## What you need to do
Please reproduce the lines of the records below from the one holding "Kweekman Pastel Amon" through the one holding "Flame Dwarf Gourami - Image 2", inclusive, skipping all pictures.

## Data for the task

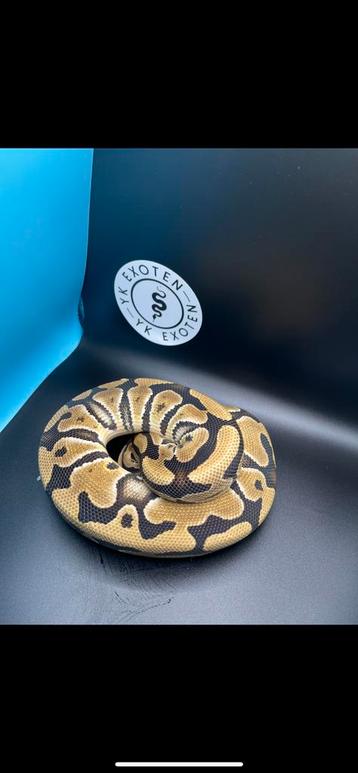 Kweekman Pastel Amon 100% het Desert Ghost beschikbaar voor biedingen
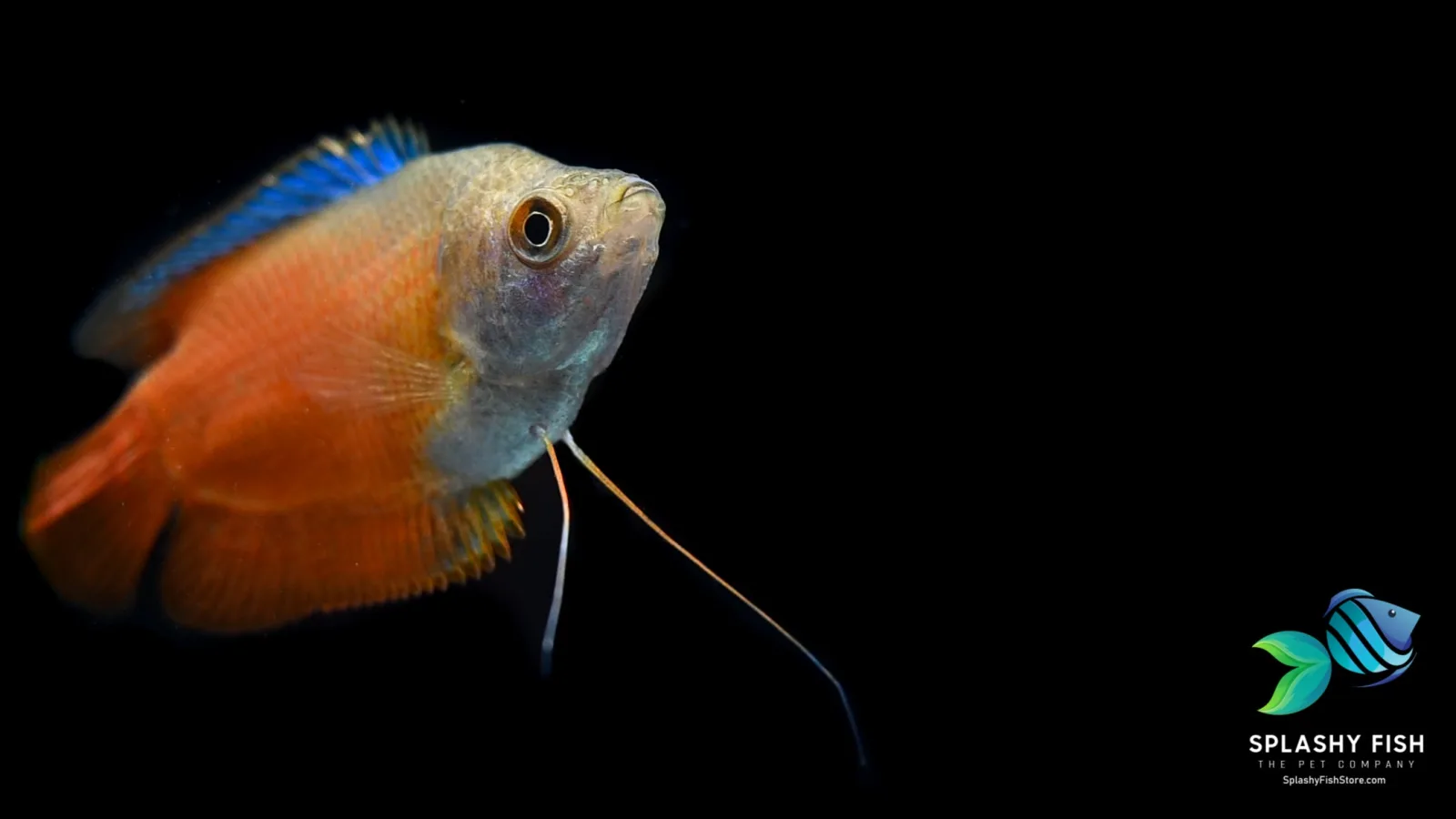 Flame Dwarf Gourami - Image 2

--

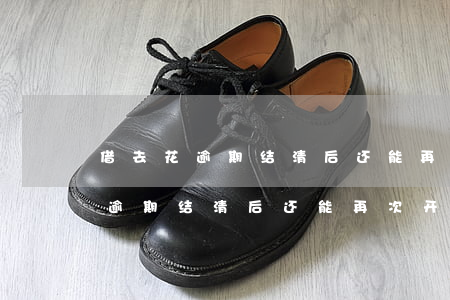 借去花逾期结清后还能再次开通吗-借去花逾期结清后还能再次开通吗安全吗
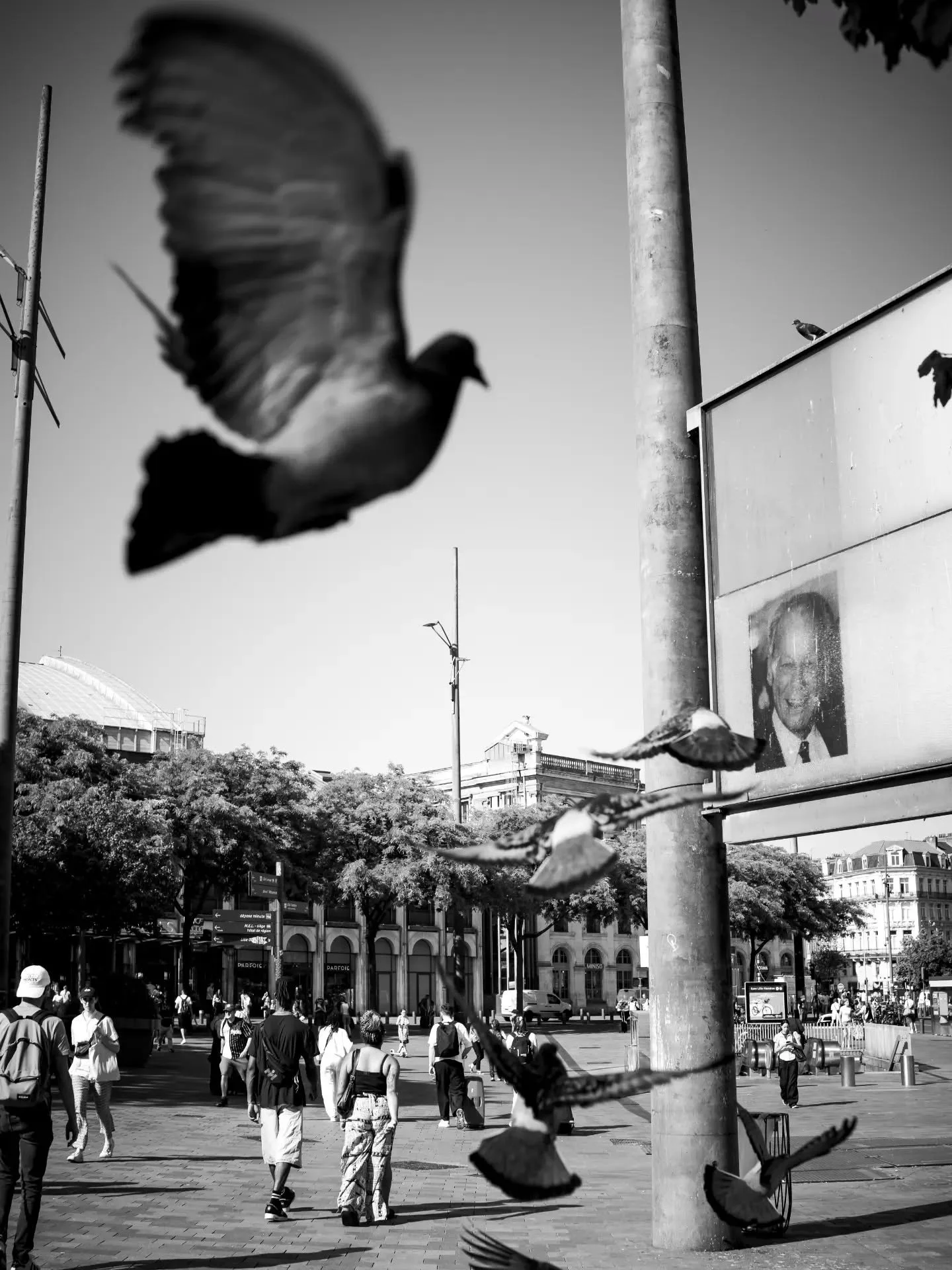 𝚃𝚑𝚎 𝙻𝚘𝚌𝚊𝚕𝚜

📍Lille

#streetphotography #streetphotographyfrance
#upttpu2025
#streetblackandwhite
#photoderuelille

## Reply
 Kweekman Pastel Amon 100% het Desert Ghost beschikbaar voor biedingen
 Flame Dwarf Gourami - Image 2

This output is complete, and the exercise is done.